Movement for Democratic Change treasurer David Coltart served as Mugabe’s education minister during a power sharing government between 2009 and 2013.

In an interview with the BBC, Coltart said he remembered a man committed to the education of his people, but also one with a dark side.

Here is what he had to say:

“There is no doubt he was a colossus on the Zimbabwean stage. He is the person who brought the end of white minority rule. He also extended the education system in Zimbabwe, but of course there is a very negative legacy he leaves behind as well.

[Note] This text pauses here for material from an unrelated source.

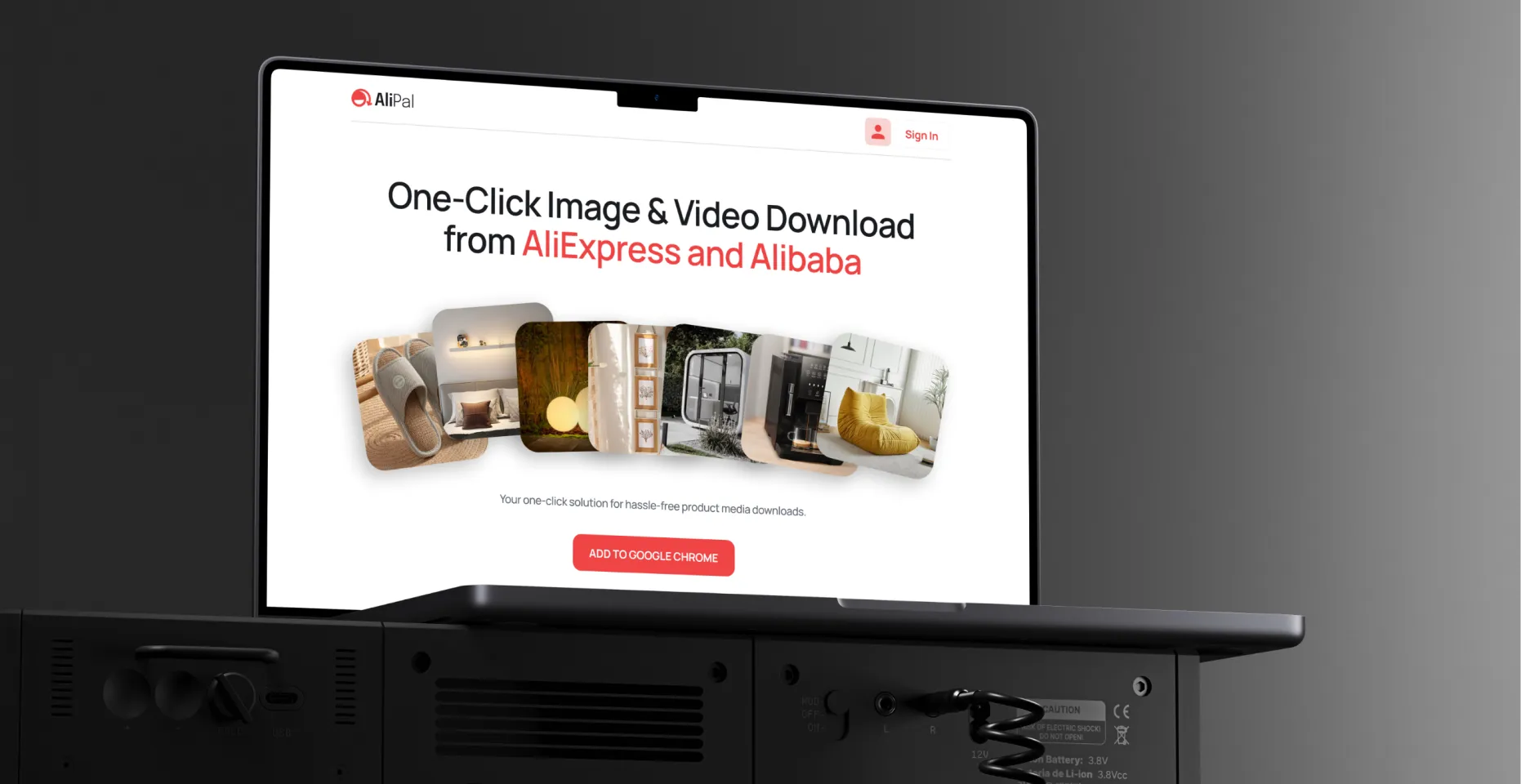 Laptop screen showing AliPal extension offering one-click image and video download from AliExpress and Alibaba with product thumbnails and a red button to add to Google Chrome.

I don’t think he changed (from the earlier years), I think it’s more a case of him having two sides to his character. He had this public persona particularly at the beginning at independence that spoke about peace, but in reality even at the moment he said those words he was plotting against Joshua Nkomo and ZAPU. He met Kim Jongil on the sidelines of (Josip Broz) Tito’s funeral in May 1980 and planned the destruction of ZAPU, so there was always two sides to him.

He was a brilliant man but a complex man. I had a chequered history with him. In my student days back in 1980, I thought he was a great man but was drawn into conflict a with him as a result of the crimes against humanity which were perpetrated in the 1980s and then of course when the MDC was set up in 1999 I came into conflict with him.

But ultimately in one sense we came full circle. When I became a minister of education in 2009, I realised another side to him. He was a man with a deep commitment to the education of Zimbabweans and Africans. By the end of my tenure, I had a functional relationship.

There were two sides to him, a complex man, a brilliant man, a man deeply committed to Zimbabwe and Africa, but with a very dark side as well.

Should Mugabe have been held to account, would Zimbabwe would have been able to come to terms with its contemporary history better if he had been?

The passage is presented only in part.